Оба ушли в частные комнаты редактора, и дверь закрылась за ними.

— Хотел бы я знать, какие планы теперь у графа, — сказал Игберг и сел верхом на стул, как мальчик после ухода учителя.

— Это для меня не загадка, — сказал Фальк, — потому что мне кажется, я знаю, какой он мошенник и и какой мошенник редактор. Но я желал бы знать, как ты из скотины сумел превратиться в бессовестную собаку, идущую на всякие гадости.

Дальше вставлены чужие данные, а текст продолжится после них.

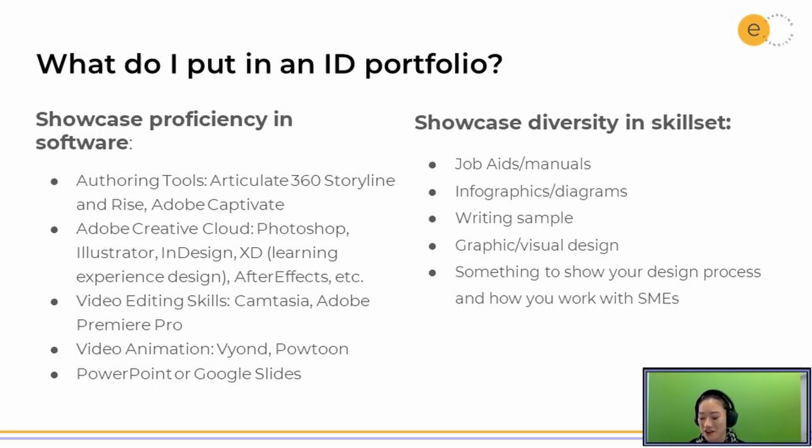The important thing you want to showcase is a diversity of different learning products that you've created. This could be job aids, infographics, or diagrams. It could also be, if you designed a training program, having a short synopsis of what the training goal was or what business need you were trying to solve, and then a short summary of how you went about that and what the results are. You want to show your writing style — a job aid or manual will capture that. You can also show visual design skills, mention important models, or use a model like ADDIE and show how you went through every stage of that design process.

— Не будь так резок, дорогой друг! Не был ты вчера вечером на заседании?

— Нет! По моему мнению, рейхстаг не имеет никакого значения ни для чего, кроме частных интересов. Как покончили с плохими делами «Тритона»?

— Постановили, что государство, принимая во внимание великое национальное значение патриотической идеи предприятия, должно принять на себя обязательство общества, которое должно ликвидироваться, т. е. распутаться с текущими делами.

— Это значит, что государство должно поддерживать дом, пока проваливается фундамент, чтобы дирекция имела время навострить лыжи!

— Тебе было бы приятней, чтобы все эти маленькие…

— Да, да! Мне было бы приятнее видеть, чтобы все эти маленькие рантье работали бы своим маленьким капиталом, вместо того, чтобы лежать на боку, отдавая его в раст; но всего приятней мне было бы, чтобы обманщиков посадили в тюрьму; тогда не поощрялись бы мошеннические предприятия. Это называют политической экономией! Тьфу, чёрт! Еще одно! Ты хочешь занять мое место! Получи его! Я не хочу, чтобы ты сидел в углу и злился на меня за то, что тебе приходится читать мои корректуры. Слишком много лежит у этой собаки моих ненапечатанных статей, и я не хочу больше вырезывать сказки о разбойниках. «Красная Шапочка» казалась мне слишком консервативной, но «Рабочее Знамя» слишком грязно для меня!

— Это хорошо, что ты бросаешь химеры и становишься благоразумным. Ступай в «Серый Колпачок», там тебя ждет будущность.

— Я оставляю химеру о том, что рабочее дело в хороших руках, и думаю, что великая задача разъяснить публике, что такое общественное мнение, в особенности печатное, и как оно возникает; но дела я не оставлю никогда!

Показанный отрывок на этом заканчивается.